I want to set all this syntax in variable
su -l postgres -c "psql -c \"CREATE DATABASE graphite WITH OWNER graphite\""
CREATE DATABASE
so I wrote this
res=$( su -l postgres -c "psql -c \"CREATE DATABASE graphite WITH OWNER graphite\"" )
CREATE DATABASE
but $res is empty
echo $res
I also tried to add " " but without success.
How to insert the results of
su -l postgres -c "psql -c \"CREATE DATABASE graphite WITH OWNER graphite\""
to a shell variable?
checking the resulting exit state works:
MacBook-Air:~ root# res=$(su -l vao -c "/usr/local/Cellar/postgresql/9.6.1/bin/psql -c \"CREATE DATABASE graphite\" -d so")

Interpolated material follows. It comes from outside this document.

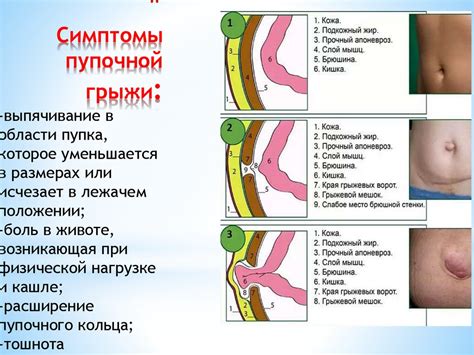 Физиология пупочной грыжи и воздействие на брюшную полость: ключевые аспекты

MacBook-Air:~ root# echo $?
0
MacBook-Air:~ root# res=$(su -l vao -c "/usr/local/Cellar/postgresql/9.6.1/bin/psql -c \"CREATE DATABASE graphite\" -d so")
ERROR: database "graphite" already exists
MacBook-Air:~ root# echo $?
1
and the stdout shows as well:
MacBook-Air:~ root# echo $res
Timing is on. Pager usage is off. SET Time: 0.333 ms SET Time: 0.112 ms SET Time: 0.127 ms Time: 0.290 ms
This is a more generic answer, but backticks (`) will put the results of any shell command into a variable:
$ foo=`psql -d postgres -c "select 'Hello'"`
$ echo $foo
?column? ---------- Hello (1 row)
That said, I'm curious why you would want the results of a create database command in a shell variable. I'm sure there's a good reason, I just never would think to do such a thing.
su -l postgres but I did do a create database, and it returned the results info the variable. Interesting. Which Linux are you on?
$() is preferred for bash nowadays. I'm not bash expert though...
x=$(su -l postgres -c "psql -c \"CREATE TABLE test (id integer)\"")